While this ensures data hygiene for Metrc, it means license holders must still use the Metrc user interface to send and receive this information. With outbound manifest data, certain state versions allow for integrators’ use of manifest templates. Originally created for users to set default data on manifests, Validated Metrc Integrators can utilize this function to send data to the Metrc system, but users must still go into Metrc to convert the template to a manifest and release it. Similarly, software integrations cannot trigger the receipt of inbound manifest data. Licensed cannabis operators must go into the Metrc system, receive the manifest data and then this data can be pulled from Metrc by the integration.

Internal Controls Remain Paramount

What does this current, limited level of integration mean for those cultivating, processing, and distributing cannabis? It means that some amount of manual data entry is required in Metrc. Having well-defined business processes and striving for operational excellence prior to implementing any business management software is a proven recipe for sustainable success in manufacturing and distribution.

Ultimately, the onus of accurate records falls on the license holder. Their systems must be able to track inventory internally and provide the necessary documentation in the event Metrc goes off-line or shows a variance.

For Ben Marchi-Young, ERP Program Manager at industry leader Curaleaf, ensuring an initial level of compliance internally is paramount:

“While Metrc is in the process of improving, we want to make sure our system helps us remain compliant regardless of whether Metrc is present or not. Our ERP ensures we can identify variances to fix immediately. We are at a point in this industry where rapid growth will require us to continually seek operational efficiency; this includes how we stay compliant and grow in shifting regulatory requirements.”
~Ben Marchi-Young, ERP Program Manager at Curaleaf

Selecting a Partner

It’s important to partner with a software integrator that stays engaged in the solution and the industry. Good integrators know what Metrc’s API capabilities offer and they understand how to adapt its systems to maximize efficiency. Operators rely on internal enterprise systems to do their jobs; consequently, their chosen software must be robust enough to evolve with the industry changes in compliance and regulatory requirements.
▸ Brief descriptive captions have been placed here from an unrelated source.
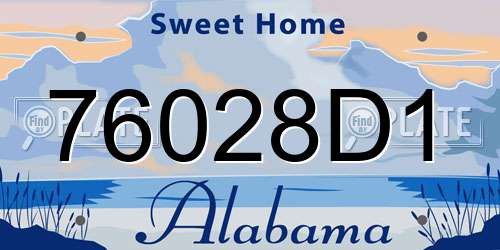 76028D1 Alabama License Plate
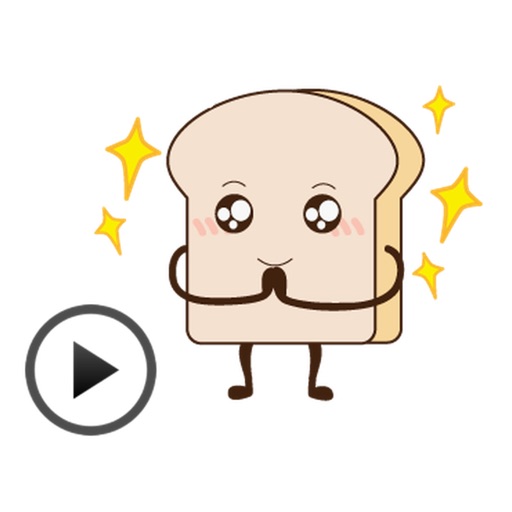 Animated Cute Toast Sticker icon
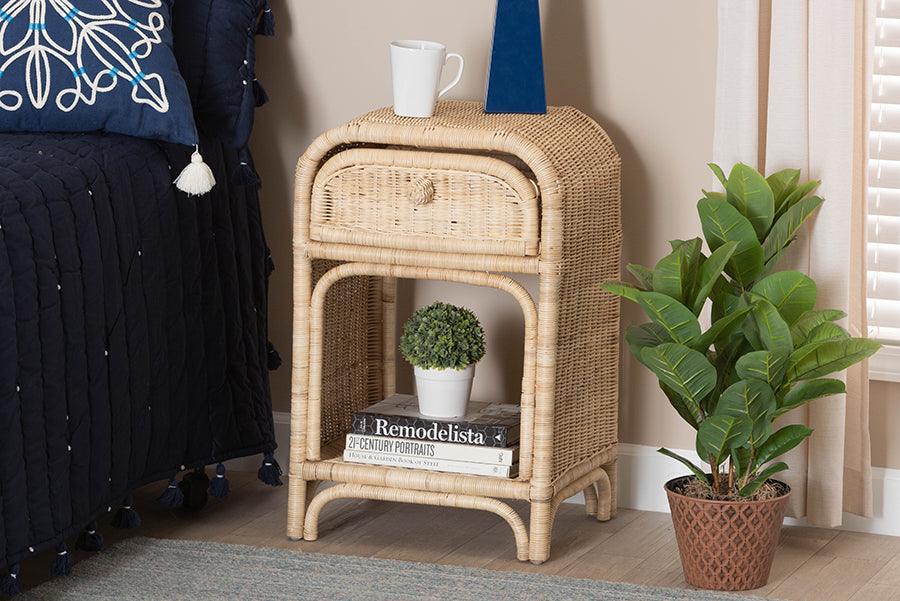 Magni Modern Bohemian Natural Brown Rattan 1-Drawer Nightstand FredCo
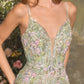 Andrea & Leo A1500 Plunging Neckline Floral Applique Fitted Formal Gown
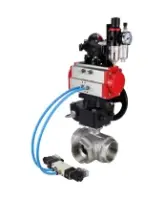 Кран шаровой DN.ru BV3232P(4pc)-SP-3WL-T-ISO-H Ду15 Ру63, стандартнопроходной, нержавеющая сталь 316, PTFE, внутренняя резьба, с пневмоприводом PA-DA-052, пн.распределителем 4V320-08 AC220V, БКВ APL-210N, ручным дублером MON1-250-T26-ISO, БПВ AFC2000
For those seeking a software partner, there are a couple things to keep in mind:

  1. Full Metrc integration in cannabis operations must be clarifiedFirst, ensure they are Validated Metrc Integrators. Metrc frequently updates its confirmed integrators on its state sites (e.g.,[state name]). True Validated Metrc Integrators are certified by Metrc and can communicate with Metrc’s state system.
  2. Second, ask how the software partner plans to integrate. Ask specifics and have them walk through detailed scenarios; make sure the solution fits both the immediate and future needs of the business. Claiming “full Metrc integration” isn’t enough. Expect them to understand Metrc’s API ability and what they are doing to work around any limitations.
  3. Ensure they understand how they can integrate and interact with the system. As stated in Metrc’s API Bulletin 037 (4/24/19), third-party vendors can only interact with Metrc via its API. This means TPVs are not provided access to a user interface, nor can they use a license-holder’s user interface without putting their cannabis license at risk.
  4. Lastly, ensure the software partner fully understands the connections to be made between the business and the areas that need visibility and automation most. The workarounds developed and implemented by software integrators, such as customized reporting to aid in manual entry, are well worth the time and investment.

The Takeaway

Overall, software integration saves time, reduces data entry errors, and helps promote efficiency — but it cannot take the place of well-defined business processes and workflows. Selecting a flexible, powerful cannabis ERP supported by a proven, Metrc Validated Integrator that keeps its software current, and takes advantage of the tools and functionality within the system will help maintain compliance and drive continuous performance improvement.